# How to restore black markings on dials and tools



## tfleming (Feb 1, 2017)

I just acquired a couple of machinist tools that were a bit rusted.  They cleaned up nicely, but the scale numbers lost their "black" background.  What do you guys use to restore the "black" in the numbers and scale on tools and dials?


----------



## f350ca (Feb 1, 2017)

Haven't tried it on a scale  YET, about a year ago I made a new engraved dial for the down feed on my shaper. I used chemical cold blueing on it then polished the surface with fine emery paper. The blueing came off the surface but remained in the lines and numbers. Very easy to read and no sign of wear yet.

Greg


----------



## NortonDommi (Feb 1, 2017)

Hi,
       I've just redone the oil level indicator plates on an old mill. I used a technique I learned from my dad some 50 years ago.
  Thin some enamal paint to about spraying consistency and using a bit of wadded rag dip in pait and then wipe across lines/marks ect in one direction only.
 Useing another,(tightly), wadded clean rag wipe across surface quickly and lighty, again in one,(the same as above), direction only.
  The first wipe deposits paint in the mark and the second removes surplus from the surrounding surface.
  This technique is used in 'antiqueing' cheap pot-metal parts and the like.
   If you don't like the result just wipe off the still freash paint and try again.
  I'd post a pick but I just put them back on last night.


----------



## tfleming (Feb 2, 2017)

Thanks guys, those are right along the lines I was thinking.  What I am debating on, is what "paint" to use.   Lacquer?  Enamel?  Dykem?  Sharpie?  While these won't be expose to solvents, they will be exposed to cutting oil and way oil, etc.  I used a light gun oil on all my tools when storing them, so whatever I use should resist oil.


----------



## RJSakowski (Feb 2, 2017)

Black urethane spray.  We used it as a protective coat on a lab robot and the only way I found to remove it was to scrape it off with a razor blade.  Paint stripper, acetone , lacquer thinner, etc. wouldn't touch it.


----------



## Dabbler (Feb 2, 2017)

I'll second the urethane spray...  I painted my lathe stand and chip tray and none of the cutting fluids or varsol has touched it.  That was 35 years ago!


----------



## tfleming (Feb 2, 2017)

Ok, makes sense on the urethane.  So, do they sell it in small touch up sticks or do I have to buy a whole can of it?


----------



## Hidyn (Feb 22, 2017)

I watched a video of a guy using wax crayon to fill in the selector switch engravings for his rifle. He used white and red and it looked great!

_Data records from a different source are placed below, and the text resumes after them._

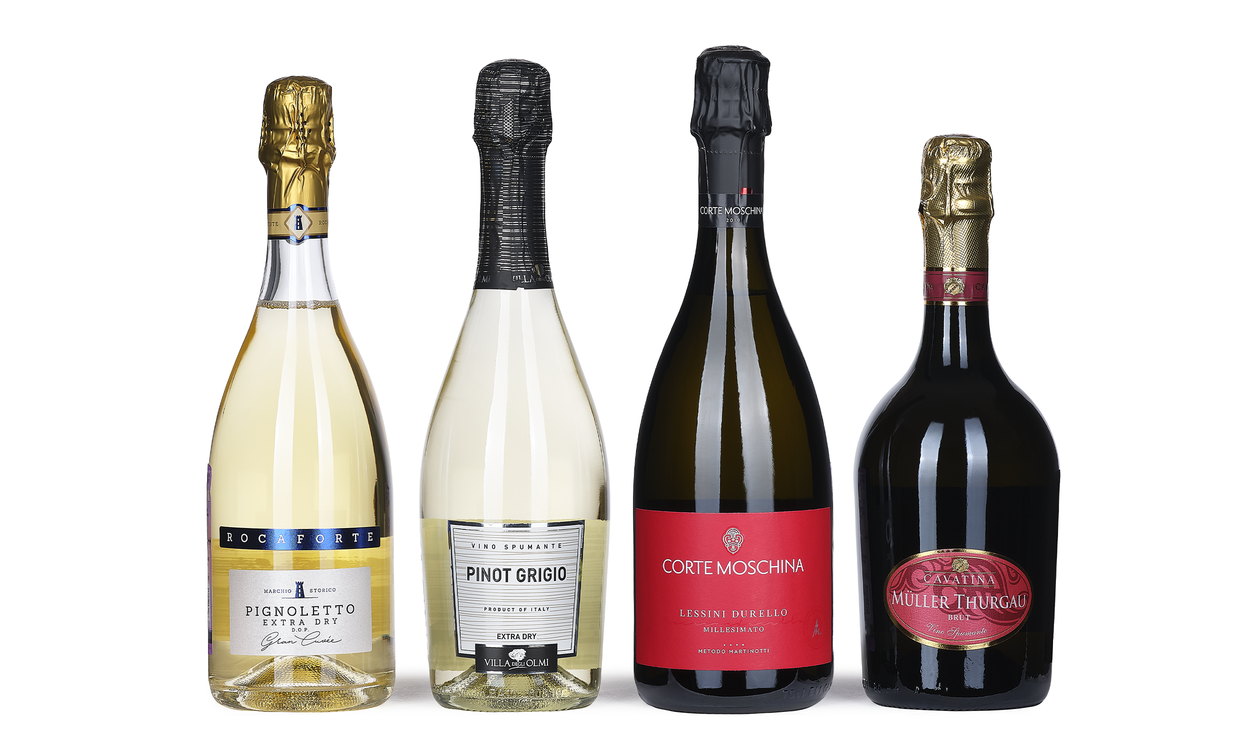 Всемирный день шампанского. День шампанского открытки. Шампанское 4. День рождения шампанского. 4 августа шампанское.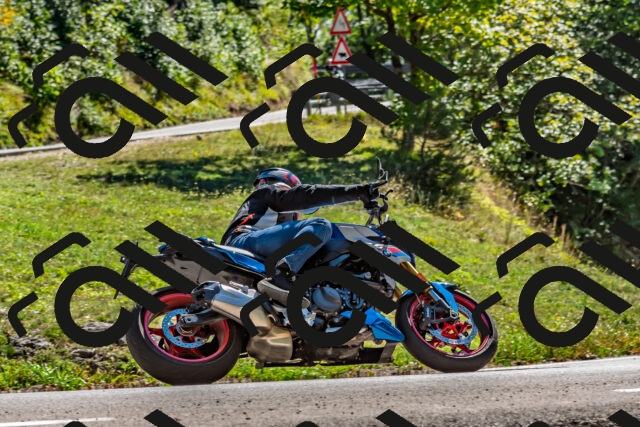 202509201435-DSC_1582_d2_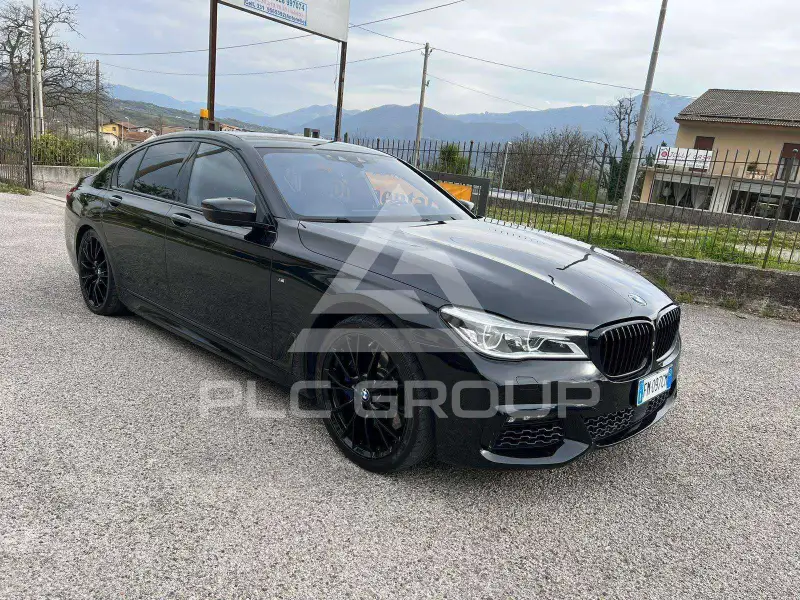2017 BMW 750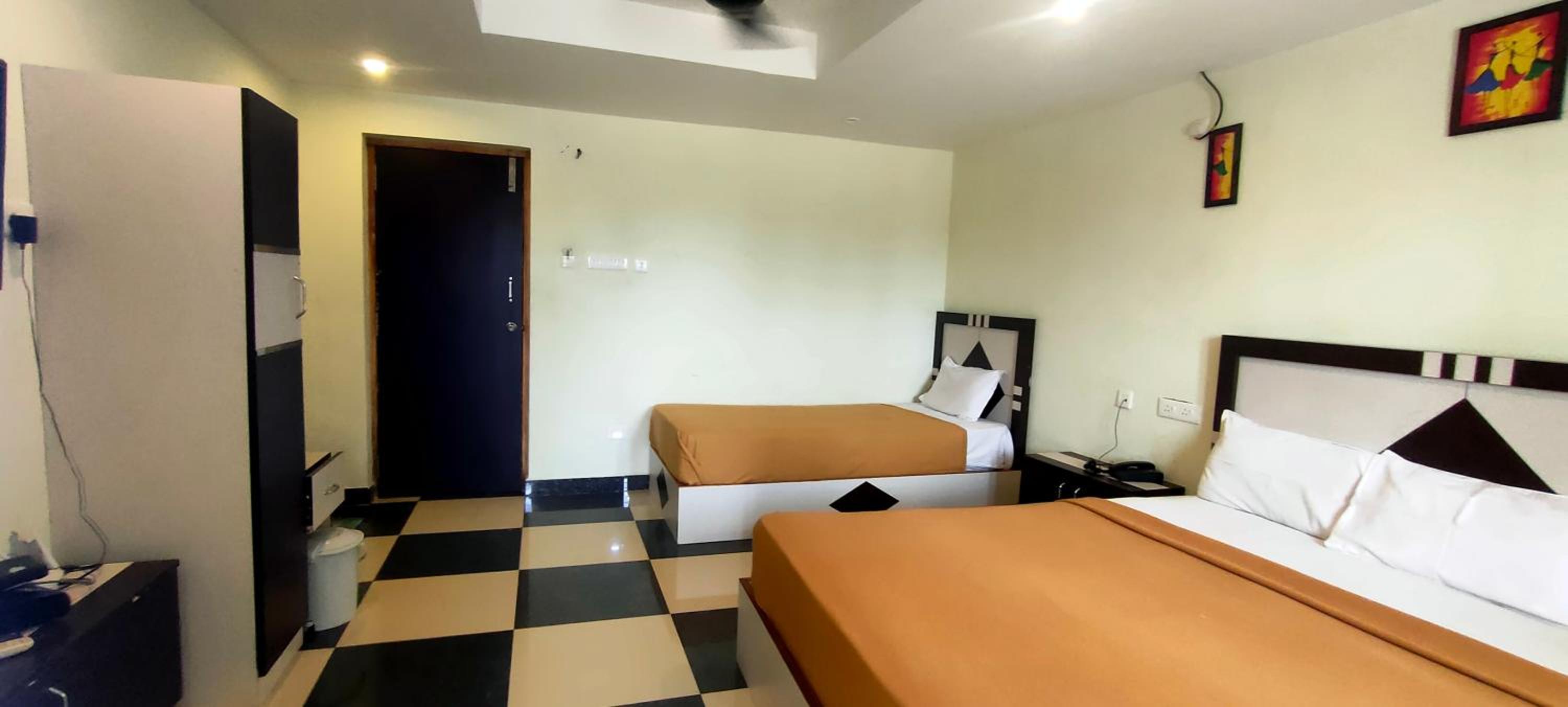 Triple Room with Balcony - Photo 1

I haven't tried it myself yet though.


----------



## Silverbullet (Feb 23, 2017)

I've used the wax pencil routine for years , it's just rub  it in and off the excess. I've used black ink too. Takes a bit of work for that tho. Has to be scrapped off leaving the numbers and lines filled.


----------



## 4GSR (Mar 15, 2017)

If any of you old timers like me have your old Rapidograph ink pens from doing ink Mylar drawings in the stone age days, a 00 or 000 pen with appropriate ink, if you can still get ink for them, should work good.  May have to repolish the OD of the dial to remove the excess.


----------



## tfleming (Mar 16, 2017)

thanks!  I am going to try a couple of the suggestions


----------



## Sblack (Apr 24, 2017)

If you go to the youtube channel Robrenz (robin renzetti), first you will get to see a true artist at work. This guy deals in 10ths all day long. In one of his earliest videos he regrinds and scrapes in Tom Lipton's old precision level. There are engravings and he restores those by mixing "carbon black" (whatever that is) with epoxy. At least I think it was that - go check it out. He answers comments so if you asked he would get back to you. An amazing channel but you might want to quit after seeing his work. He is a toolmaker's toolmaker.


----------



## kd4gij (Apr 24, 2017)

This is what I use.
http://www.brownells.com/gunsmith-t...r-fill-sticks/lacquer-stik-reg--prod7778.aspx


----------